東京から月まで

東京在住。猫と日常。日々のことなど。

『無』

26日(土)。いろいろとお世話になっているTさんと、お亡くなりになってしまったTさんのご主人さんのお墓参りに行く約束をしていた。本当は家族で行かせてもらう約束をしていたのだけど、起きたら娘の体調が悪く、嫁と留守番をすることにして、僕だけが行くことになった。

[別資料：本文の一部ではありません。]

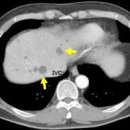 간낭종 증세 및 경과(간에 물혹, , 통증) 이미지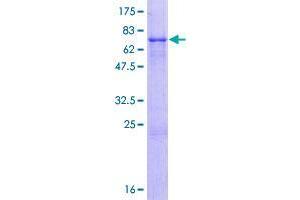 Image no. 1 for ZFP2 Zinc Finger Protein (ZFP2) (AA 1-461) protein (GST tag) (ABIN1325739)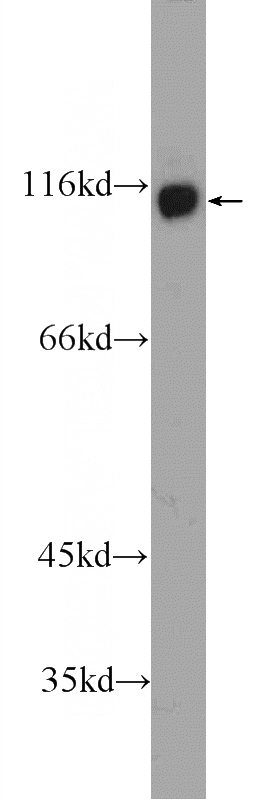 Jurkat cells were subjected to SDS PAGE followed by western blot with Catalog No:111889(JMY Antibody) at dilution of 1:1000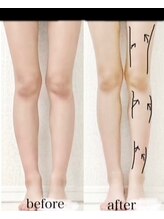 エクリル(Eclire)/むくみ改善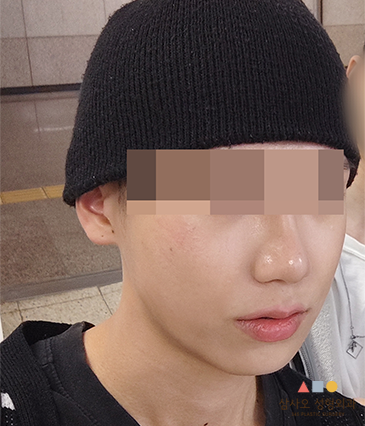 수술 후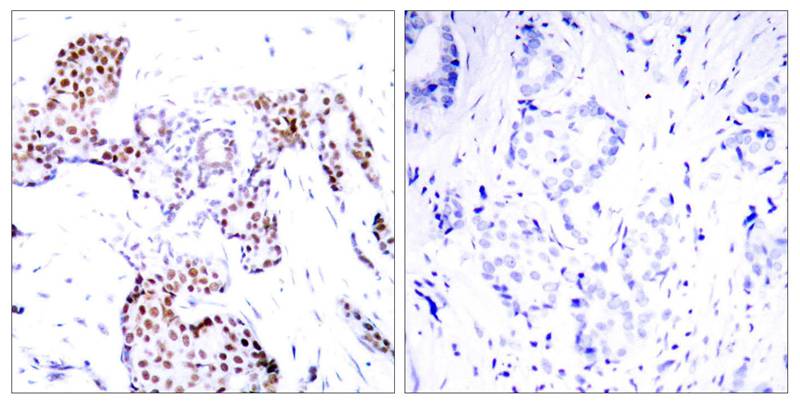 Elk1 (Phospho-Ser389) Antibody
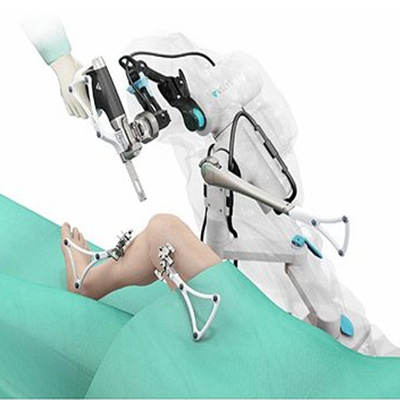 Robotic Arm Technology
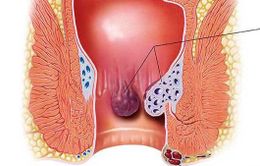 Điều trị trĩ không đúng cách, bệnh nhân phải truyền 13 đơn vị máu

電車に乗って鎌倉へ。鎌倉へ行くのは久しぶり。いつ以来だろうか。しかも電車で行くというのは初めてのような気がする。時間がかかるかと思ったけど、それほどでもなかった。本を読んでいたら気がついたら着いた。駅を降りて、鎌倉に来ている人の多さに驚いた。観光の人、多過ぎ。考えてみたら、土曜だし、いわゆる大型連休の初日でもあるわけで、そういうこともあったのかもしれない。Tさんと合流して、バスに乗る。それで鎌倉霊園という場所へ。いわゆる共同墓地なのだけど、その敷地面積が途方もないほどでかい。なにせ霊園の中を巡回バスが走っている。見上げると、小高い丘の上の方までお墓があり、上の方はさぞかし見晴らしが良いのだろうなと思ったら、Tさんのご主人のお墓はまさにその丘の上の方にあり、そこまで歩くことになった。

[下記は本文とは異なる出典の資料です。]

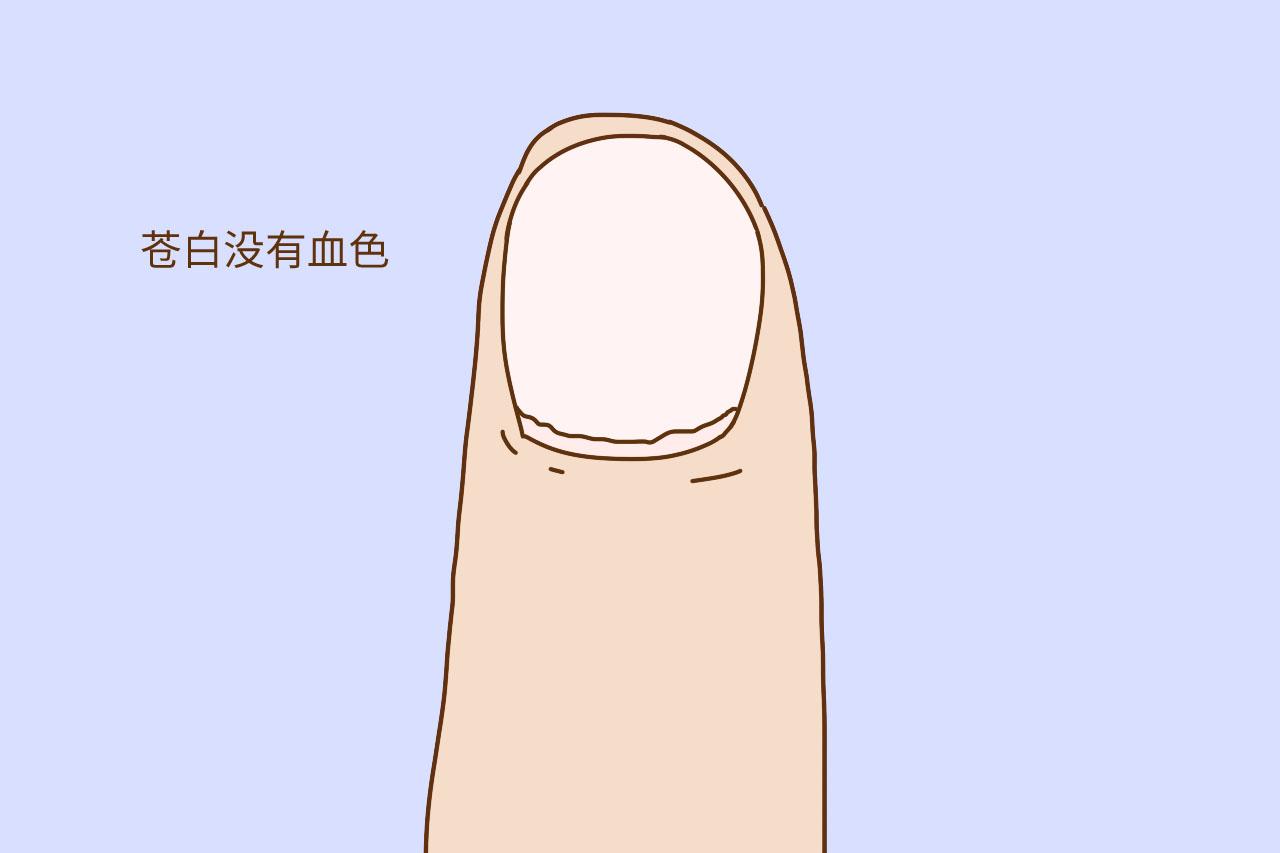 孕期贫血缺钙不自知? 准妈妈学会一招, 看懂自己“身体阴晴表”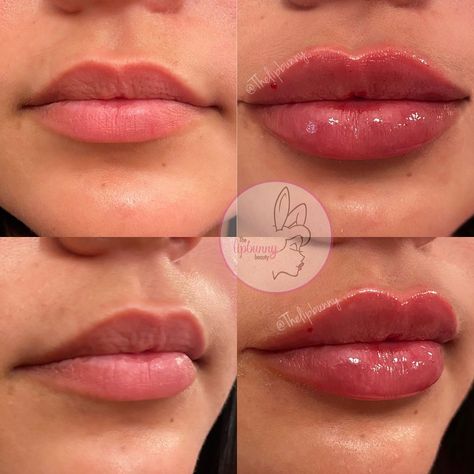 🐰 THE LIP BUNNY ™️ RN, BSN on Instagram: “First time lip fill with @thelipbunny 💉💉 1ML result with #juvederm 👄👄 SWIPE for live results • • #lips #lipinjections #lipgloss #lipfiller…” 1ml Lip Filler Small Lips, Lip Fillers Heart Shape, Jolie Lip Filler, Lip Fillers On Black Women, Russian Style Lip Fillers, Defined Cupids Bow Lip Filler, Slight Lip Filler, Beautiful Lips Aesthetic, Lip Filler On Full Lips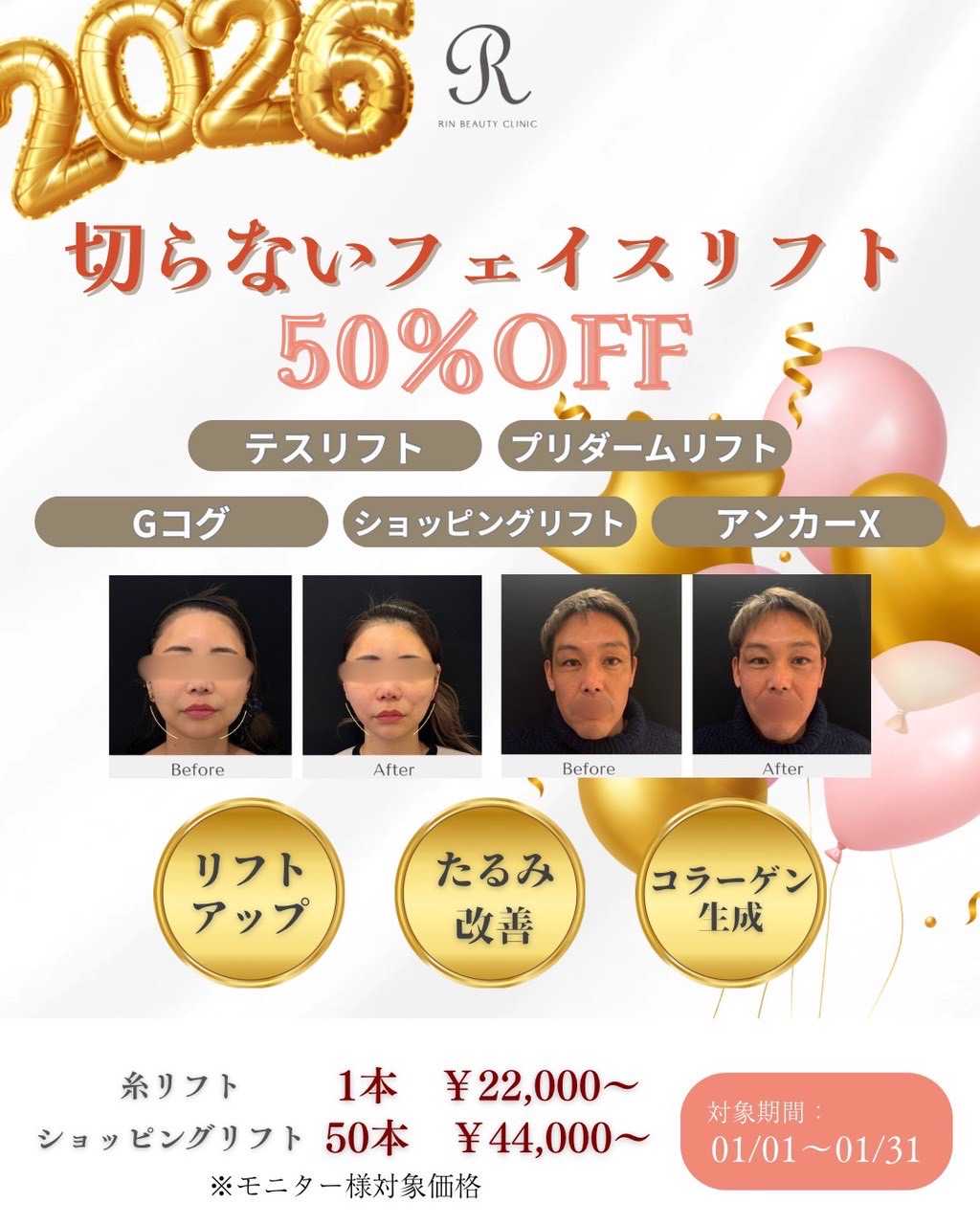 切らないフェイスリフト、カスタマイズ肌治療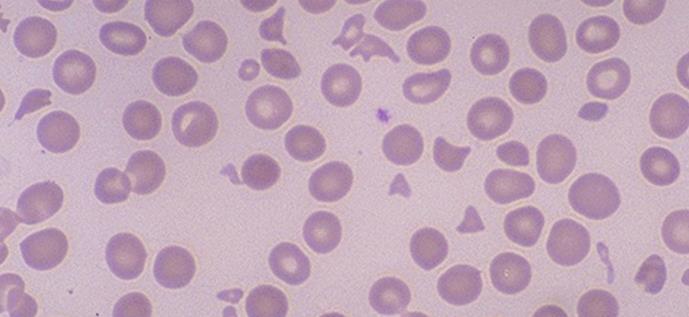 till spektrin Cellmembranet frikopplas från cytoskelettet och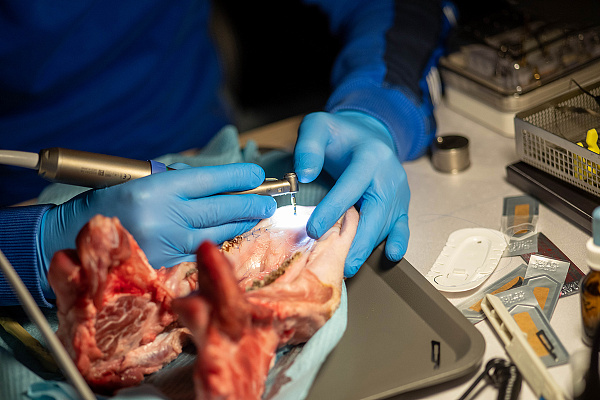 Направленная костная регенерация16.jpg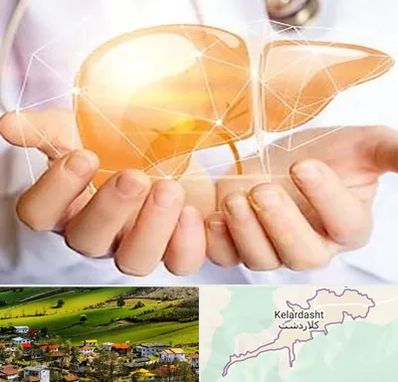 دکتر سرطان کبد در کلاردشت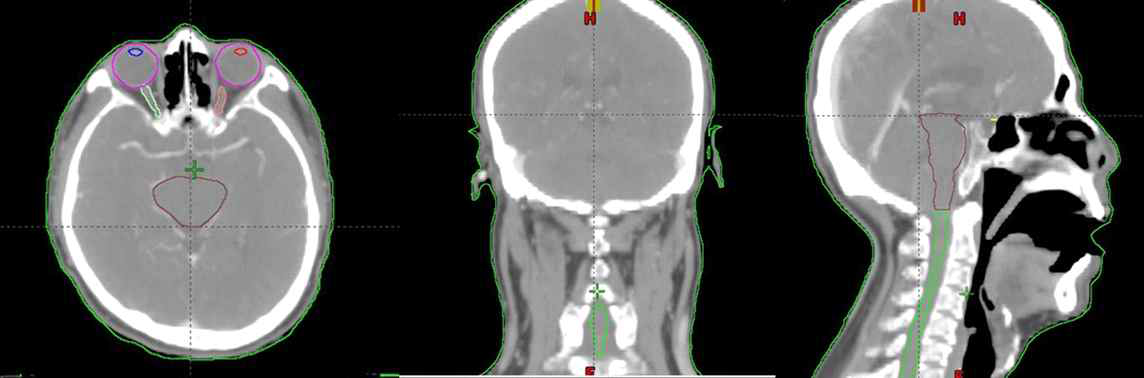 환자 CT에 정의된 정상 장기 윤곽정보(안구, 수정체, 시신경, 뇌간, 척수가 정의되어 있음)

鎌倉は土地としても山のようになっているようで、この霊園はその山の一画にでかでかとあるようだった。お花を代えて、お線香をあげる。どら焼きを供える。そこで一息つく。風が気持ち良い。そして見晴らしが良い。冬場は富士山も見えるという。なんていう鳥なんだろうか、2羽の鳥が空を気持ち良さそうに旋回していた。Tさんのご主人さん自身がお墓の石をこだわって選んだのだと言う。その石は白く丸い石で、なにごとも一気にやりたがったTさんのご主人はその重い石を一気に持ち運ぼうとしたそうだ。そんな光景が思い浮かぶ。Tさんのご主人はとてもおおらかで、真面目な性格の方だったけど、犬や猫など動物がすごく好きで、僕らが大事にしていた猫や犬のこともすごくかわいがってくれた。今は、山形の嫁の実家にいるバーニーズマウンテンドッグを生後数ヶ月だけ飼っていたときがあり、嫁とTさんのご主人で散歩に連れて行ったことがある。いくら待っても帰ってこず、心配になったTさんが連絡をしてみると、散歩に夢中でやけに遠くまで歩いていたらしい。そんなことを思い出しながら、Tさんと鎌倉駅前で食事をした。懐かしい。そして、懐かしいと思えるほど時間が過ぎてしまっていることに驚く。


それからTさんと別れて、僕は一人鎌倉駅から北鎌倉に向かって散策。なんとなく線路沿いを歩く。北鎌倉に行く手前でかなり急な坂道を歩く。岩肌がむき出しになっていて、かつてこの場所を切り通して道にしたことが想像できて、そんなことをした先達の方々がいるのだと驚く。鎌倉の町並みはなんだか良い。なんというか、落ち着いた佇まいというか、山が多く、地形も入り組んでいて決してなだらかな土地ではない。そういう場所だからこそ、近代化されえない感じがあって、主要道路でさえもバスで走るととてもせまく感じるような道幅の道路とか、車さえも通れない細い路地があるところとか、そういう場所を歩くと面白く感じる。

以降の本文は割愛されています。